Response : 200 with an array of per-table results, each containing fqn, description, confidence, pii_columns, om_updated, milvus_upserted, error.

Error responses :

  • 404 no tables matched the request — the OM /tables listing is empty for that source. Usually means OM ingestion has not run yet (see Prerequisites below).
  • 404 no OpenMetadata tables matched source='<x>' — source name differs from the OM serviceFQN. Check Catalog Manager.
  • 401 / 403 — caller missing admin role (admin gate is enforced upstream by the cockpit oauth2-proxy).

Prerequisites

Before NORA can produce proposals for a source, the source must be indexed in OpenMetadata. This is a one-time setup per source :

# 1. Register the database service in OpenMetadata
#    (OM UI → Settings → Database Services → Add)
# 2. Run a metadata ingestion workflow against it
#    (OM UI → Ingestions → Run, or Airflow DAG akko_om_ingestion)
# 3. Confirm tables appear in /api/catalogs/search?q=*

Once the ingestion has populated table_search_index, the /api/catalogs/sources endpoint will list the source and the cockpit trigger card datalist will offer it as a suggestion.
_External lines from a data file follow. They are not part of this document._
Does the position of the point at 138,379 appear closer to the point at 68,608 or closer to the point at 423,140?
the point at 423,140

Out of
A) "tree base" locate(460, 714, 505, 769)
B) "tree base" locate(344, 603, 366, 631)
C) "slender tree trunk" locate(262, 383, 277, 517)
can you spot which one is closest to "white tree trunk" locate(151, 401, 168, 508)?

The Sprint 82 A4 mission documented the 6 target sources :

  • postgres_oltp_banking
  • postgres_oltp_publicsector
  • postgres_postgis_esg
  • postgres_postgis_iot
  • cloudera (delivered by Sprint 82 A2)
  • climscore (delivered by Sprint 82 A3, read-only federation)

RBAC matrix

Persona Sidebar /#nora Trigger card Accept / Reject Dry-run only
alice (admin) yes yes yes yes
dave (steward) yes no yes no
bob (engineer) no no no no
carol (analyst) no no no no
eve (viewer) no no no no

The admin trigger surface is hidden from stewards on purpose : stewards review, admins operate. A steward who needs a fresh batch contacts an admin or waits for the 6 h CronJob.


Operational runbook

Symptom Likely cause Fix
Trigger returns 404 "no tables matched" OM ingestion not run for that source Register service + run ingestion workflow
Trigger returns 404 "source name differs" Typo, or OM service named differently from the Trino catalog Check /api/catalogs/sources, use the exact name
Card hidden for an admin Token claim cached pre-deploy Hard refresh + re-login
Datalist empty /api/catalogs/sources returned [] or 5xx Check OM health + cockpit-backend logs
pending count not growing after trigger Daemon returned 200 but with error per row Inspect daemon logs : sampler / LLM / sink failure
Accepted proposal not visible in OM OM PATCH best-effort fire-and-forget failed Re-trigger the same proposal accept (idempotent)
ADEN still returns old description Milvus upsert raced with read Wait 1 s, retry — eventual consistency is typically sub-second

Discipline notes

  • Zero hardcoded sources — the cockpit datalist is fed by /api/catalogs/sources which enumerates OM database services. Adding a new source = registering it in OM and running ingestion ; no code change required.
  • Layer-first vocabulary — every label visible to users speaks of "Catalog Auto-Enrichment", "Federated source", "Lakehouse table", "Operational DB". Vendor names live in this admin doc only.
  • No SSH bypass — every operator action goes through the cockpit oauth2-proxy → cockpit-backend → daemon. The daemon never exposes a public Ingress.
  • Sample-awareAKKO_SAMPLE_PERCENT (default 5%) and AKKO_DESCRIPTION_MAX_WORDS (default 100) cap both the row sample size and the LLM output, so no full-table snapshot ever leaves the cluster and no descriptions balloon unreasonably.